Here the job is to transcribe only the lines from the one containing "1978 Chevrolet Silverado" through the last line below, exactly as written; please leave out pictures.
━━━
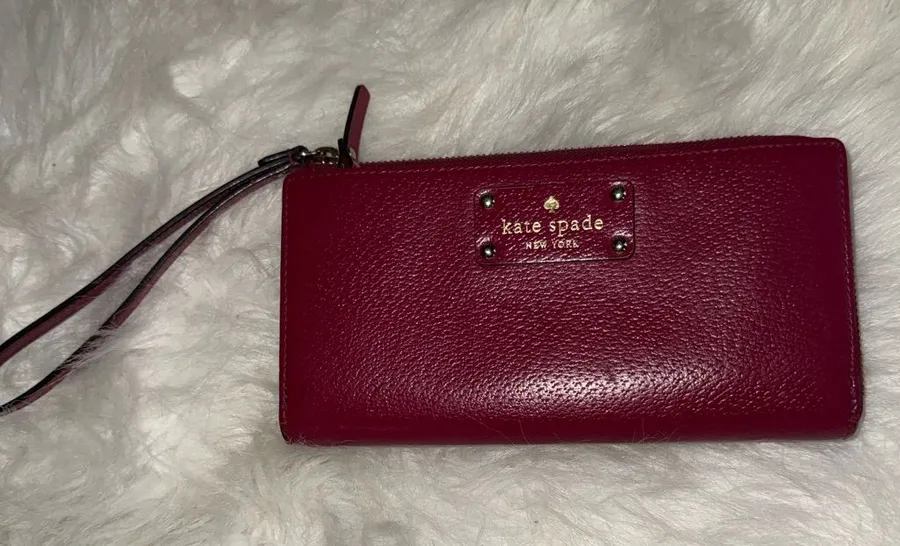 kate spade burgundy leather wristlet wallet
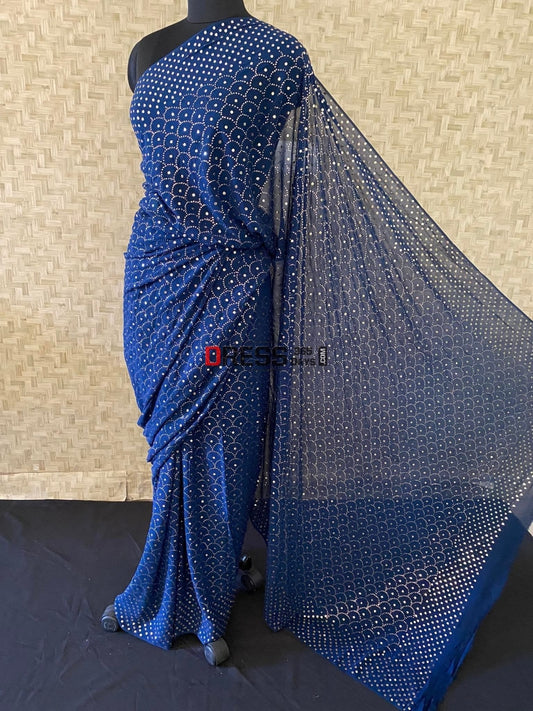 Masterpiece Navy Kamdani Saree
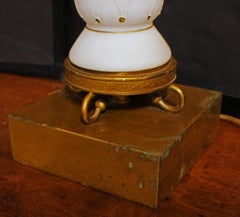 Circa 1950s American Pair of Glass Faux Marble Lamps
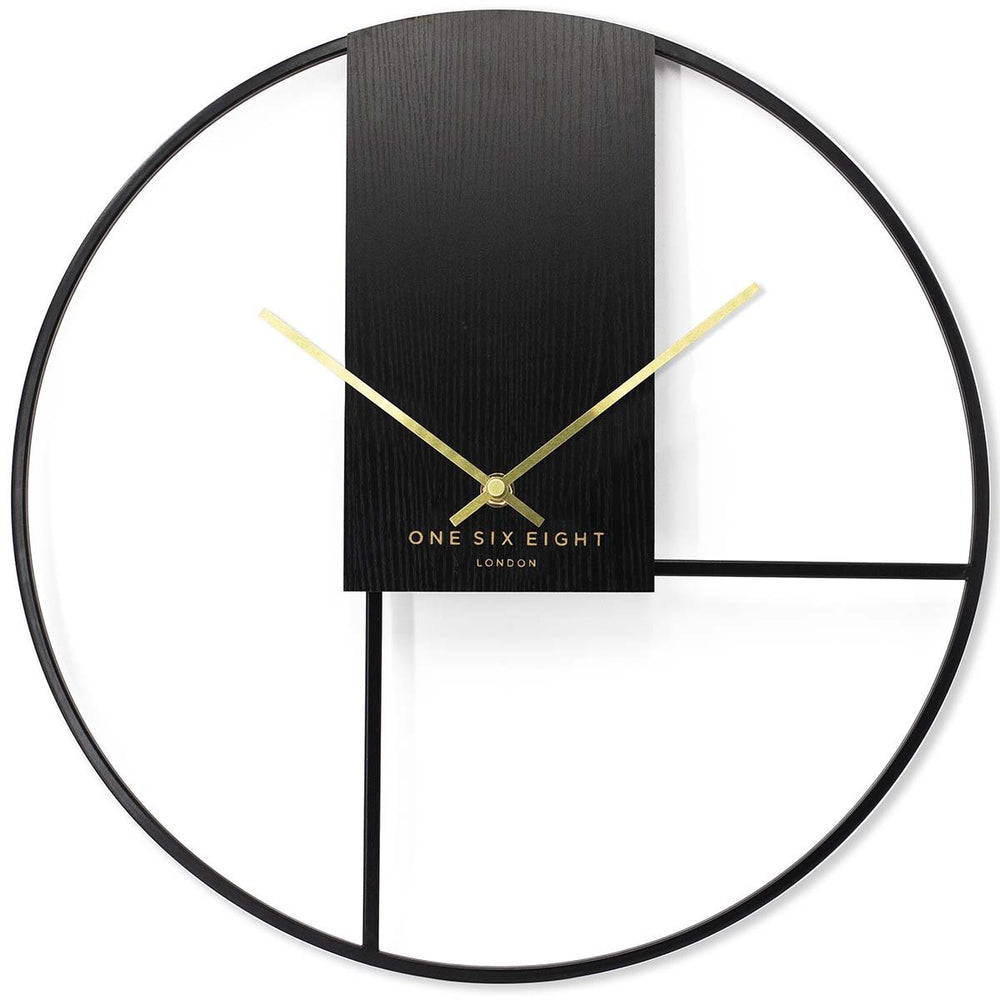 One Six Eight London Elena Modern Minimal Wall Clock Black 40cm 23056 2
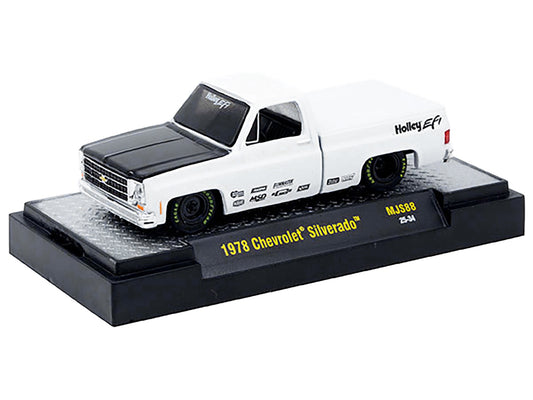 1978 Chevrolet Silverado Pickup Truck "Holley EFI" White with Black Hood Limited Edition to 10120 pieces Worldwide 1/64 Diecast Model Car by M2 Machines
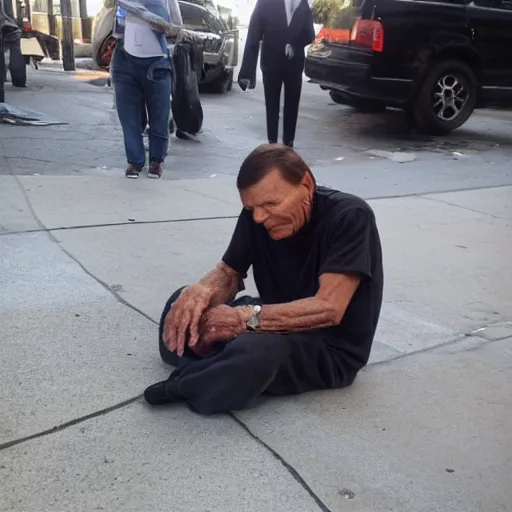 Prompt: kenneth copeland begging on the street of la, homeless, looking sad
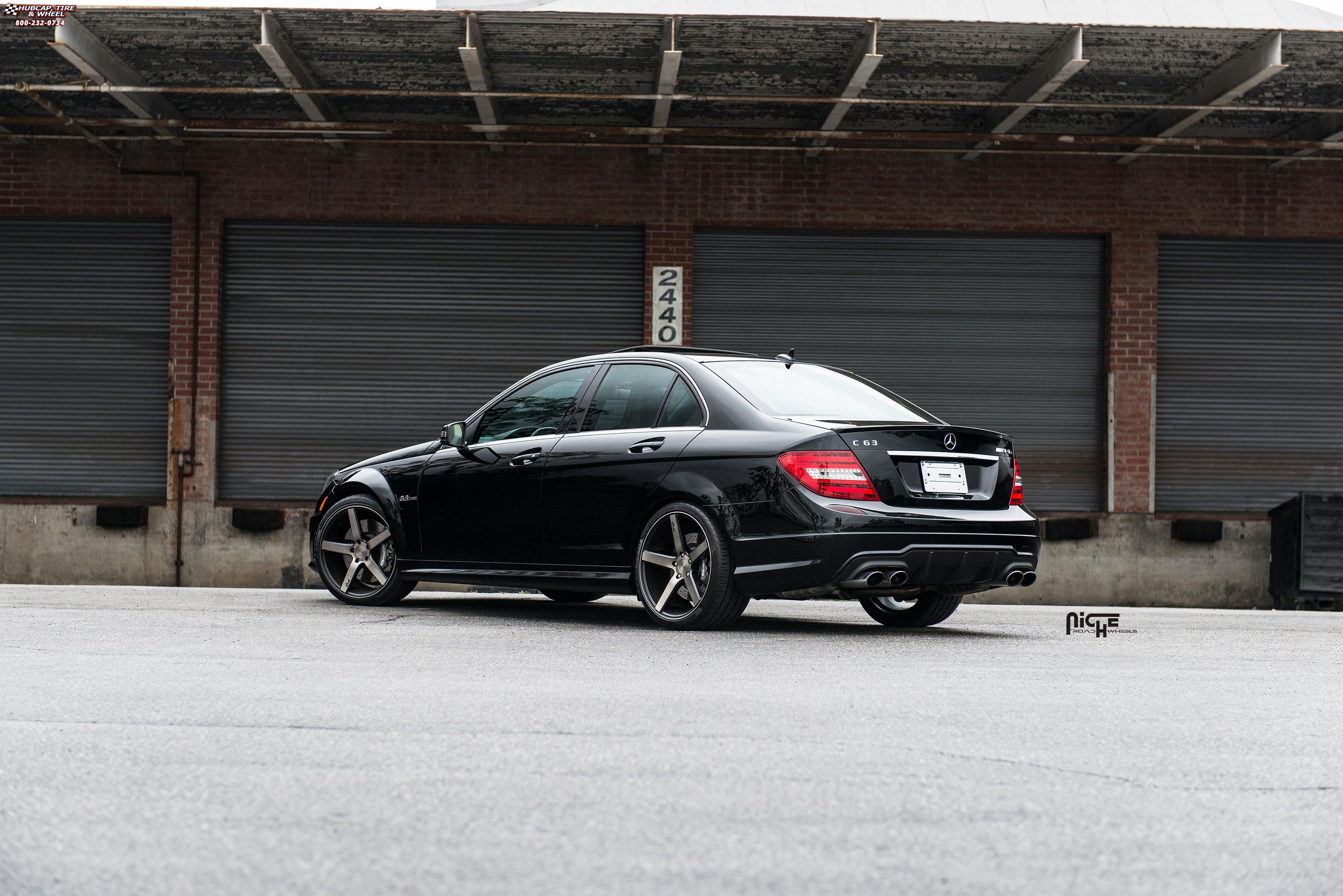 vehicle gallery/mercedes benz c 63 niche milan m134  Black & Machined with Dark Tint wheels and rims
━━━
Solution below =>
 1978 Chevrolet Silverado Pickup Truck "Holley EFI" White with Black Hood Limited Edition to 10120 pieces Worldwide 1/64 Diecast Model Car by M2 Machines
 Prompt: kenneth copeland begging on the street of la, homeless, looking sad
 vehicle gallery/mercedes benz c 63 niche milan m134  Black & Machined with Dark Tint wheels and rims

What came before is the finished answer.